6. The Ombudsman (Amendment) Act 2012

The Ombudsman (Amendment) Act 2012 which was commenced on 1 May 2013 brings over 180 additional public bodies under the remit of the Ombudsman including all Universities. This means that the Ombudsman can examine complaints made by staff, students or members of the public in relation to the administrative actions of the College which occur on or after 1 May 2013 only. This mechanism exists in additional to all other existing internal and external appeal processes.

The other significant provisions in the 2012 Amendment Act are that:

  • public bodies under the Ombudsman's remit are legally obliged to give reasonable assistance and guidance to members of the public in the context of their administrative actions. They are also required to deal with members of the public properly, fairly, impartially and in a timely manner
  • following an investigation of a complaint, the Ombudsman may make general recommendations to public bodies under his remit even if that public body was not the focus of the complaint or investigation
  • if a person fails to comply with a request from the Ombudsman to provide specified information, documents, etc. the Ombudsman may apply to the Circuit Court for an order of compliance
  • the Ombudsman may refer any question of law to the High Court for determination

The College Secretary is the College’s nomination Ombudsman liaison office and any correspondence received from the Office of the Ombudsman should be sent to the Office of the College Secretary.

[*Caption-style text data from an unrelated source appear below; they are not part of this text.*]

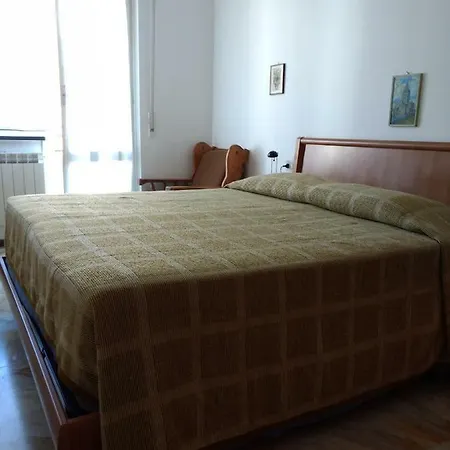 Da U Guss A 50 Metri Dalla Spiaggia Comodo Cinque Terre Apartment Chiavari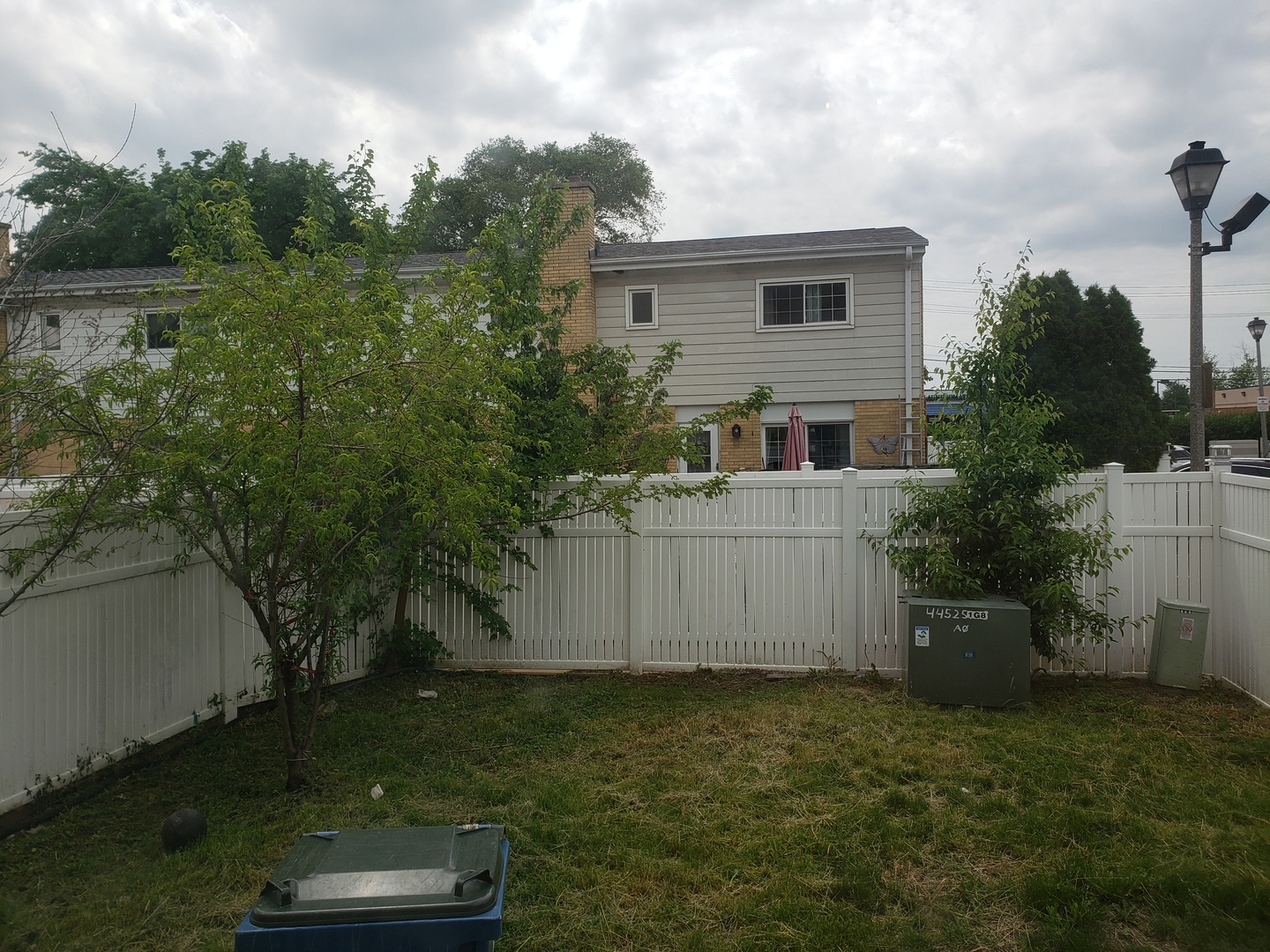 952 Virginia Lane Elmhurst, IL 60126 - Photo 6 of 11 a house view with a garden space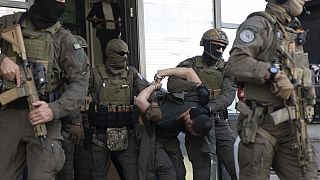 Koszovói rendőrök elfogták a szerb fegyverest Pristinában (2023.09.26.)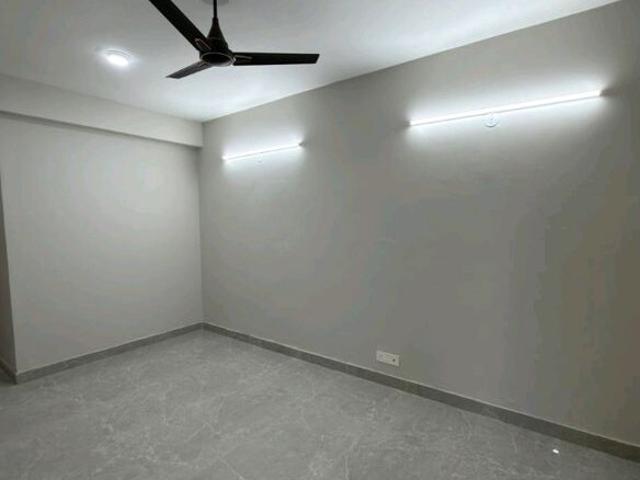 Mahavir Enclave, Dwarka Commercial Shop 300 Sq. Yd. in Mahavir Enclave Delhi Listing ID: #10312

7. The Official Languages Act 2003

The aim of the Official Languages Act 2003 is to increase and improve in an organised manner, over a period of time, the quantity and quality of services provided by public sector bodies through Irish, by imposing (a) direct service obligations on such bodies, (b) providing for further obligations through Ministerial orders (regulations), and (c) requiring that public bodies prepare a three-year Language Scheme setting out an additional range of locally-relevant services to be provided bilingually.

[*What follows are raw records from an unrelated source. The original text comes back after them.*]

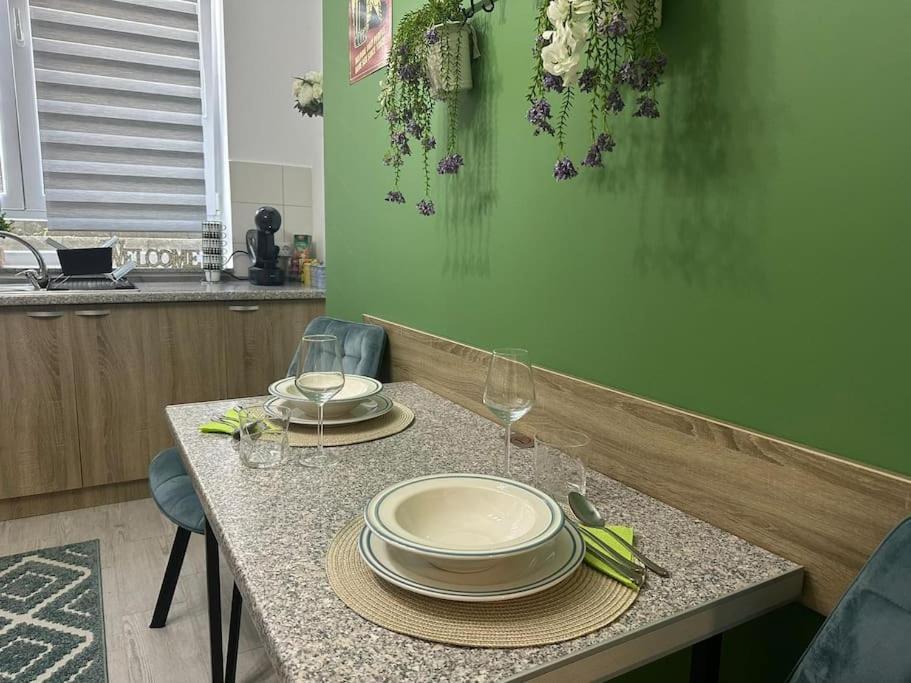 Newlevel Apartment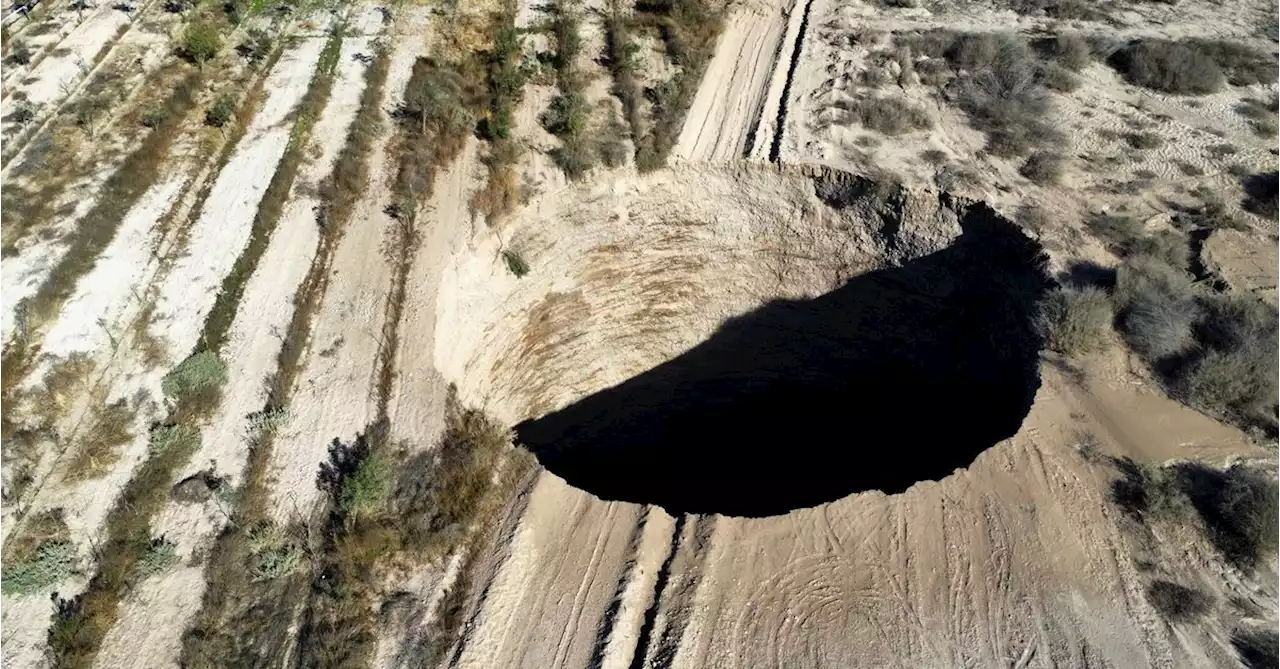 Chile sinkhole grows large enough to swallow France's Arc de Triomphe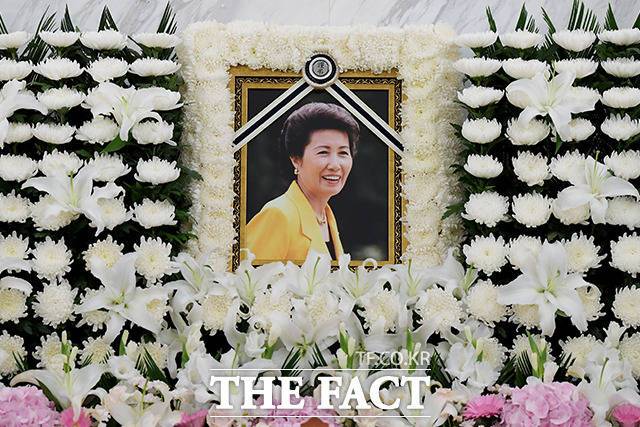 박근혜 전 대통령의 이복언니인 고 박재옥 씨가 별세한 가운데 9일 오전 서울 서대문구 신촌세브란스병원 장례식장에 마련된 빈소에 고인의 영정이 놓여있다. /이선화 기자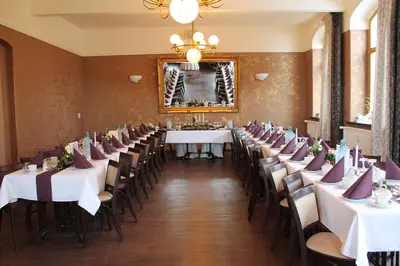 Ein Restaurant oder anderes Speiselokal in der Unterkunft Jägerhof Putzkau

The Office of the Languages Commissioner is responsible for monitoring compliance with the Act.

Key legal requirements affecting College under the Act and regulations:

  1. Key reports (Annual Report, Financial Statements to be published bilingually)
  2. All correspondence received in Irish to be replied to in Irish
  3. Information (mailshots) in either electronic or printed form which is directed to the general public to be made available bilingually
  4. Signage: all College signage to be bilingual- Irish to be no less prominent than English and to appear before English
  5. Stationery: all stationery to be bilingual- Irish to be no less prominent than English and to appear before English
  6. Recorded oral announcements and voicemails for main telephone numbers to be bilingual (this requirement in force by 1 July 2013)

Certain departments and areas will have specific additional obligations under College's Irish Language scheme.

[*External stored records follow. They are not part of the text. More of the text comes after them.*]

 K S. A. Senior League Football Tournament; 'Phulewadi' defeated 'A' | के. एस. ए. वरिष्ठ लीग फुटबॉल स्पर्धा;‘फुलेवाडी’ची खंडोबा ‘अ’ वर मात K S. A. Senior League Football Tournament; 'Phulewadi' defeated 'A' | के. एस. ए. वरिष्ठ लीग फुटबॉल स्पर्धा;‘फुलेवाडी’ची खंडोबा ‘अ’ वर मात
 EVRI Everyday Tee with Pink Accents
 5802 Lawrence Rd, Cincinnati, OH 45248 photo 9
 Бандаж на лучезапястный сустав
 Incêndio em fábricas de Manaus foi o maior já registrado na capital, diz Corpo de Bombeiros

Further information is available at

8. Copyright and Related Rights Acts, 2000 to 2007

The Copyright and Related Rights Act, 2000 is the current Irish legislation covering copyright. It makes provision for a Copyright Licensing Scheme, which came into effect on 13 January 2003. The Irish Copyright Licensing Agency is recognised under this legislation as a registered body to operate a licensing scheme for reprographic copying in educational institutions. With the introduction of the licensing scheme, copying of copyright material for educational purposes is only permissible if an educational institution has obtained a licence, or has obtained permission from the Copyright holder. College has a licence agreement with the Irish Copyright Licensing Agency. Details of the extent of copying permitted under the licence, and of the limits and exclusions, are specified in the licence agreement between the ICLA and the College, which are summarised in the ICLA's User Guidelines. These documents and related information are available at

Also, please note that it is an offence under the Act to distribute copyright material without authorisation via the internet, either by publishing it on a website or by distributing it to others using file-sharing programmes. Copyright owners constantly monitor the internet, including Trinity's websites, for breaches of the Act. Where copyright infringements have occurred, legal action may be taken not only against the College but also against the individuals concerned. This is a matter which the College takes very seriously and those who distribute unauthorised material via the internet are not only in breach of the Act but also contravene the College's Code of Conduct for the use of computer resources and may have their access to the College's computer facilities withdrawn. Further information is available at

It should be noted that at present the College does not hold a licence to show films other than what is provided for in legislation. Under the Copyright Related Acts 2000 the College does not infringe the copyright in films shown for educational purposes only. This exemption is quite narrow and does not cover instances where films are shown in College for purposes other than education, this could include society events, sporting events, publicity launches etc. All instances where films are shown for purposes other than educational instruction require the acquisition of a licence from the Copyright holder and therefore it is the sole responsibility of those showing the film to acquire the requisite licence. Those requiring licences should contact the Motion Picture Licensing Company (, which a legitimate licensing body and are registered with the Copyright Controller (as required by the Act).

9. Defamation Act 2009

The law relating to defamation has changed significantly since the passing of the Defamation Act 2009. It abolished the old distinction between libel and slander. Instead, it provides that defamation consists of the publication, by any means, of a defamatory statement concerning a person to at least one other person, and it defines a defamatory statement as one that tends to injure a person’s reputation in the eyes of reasonable members of society.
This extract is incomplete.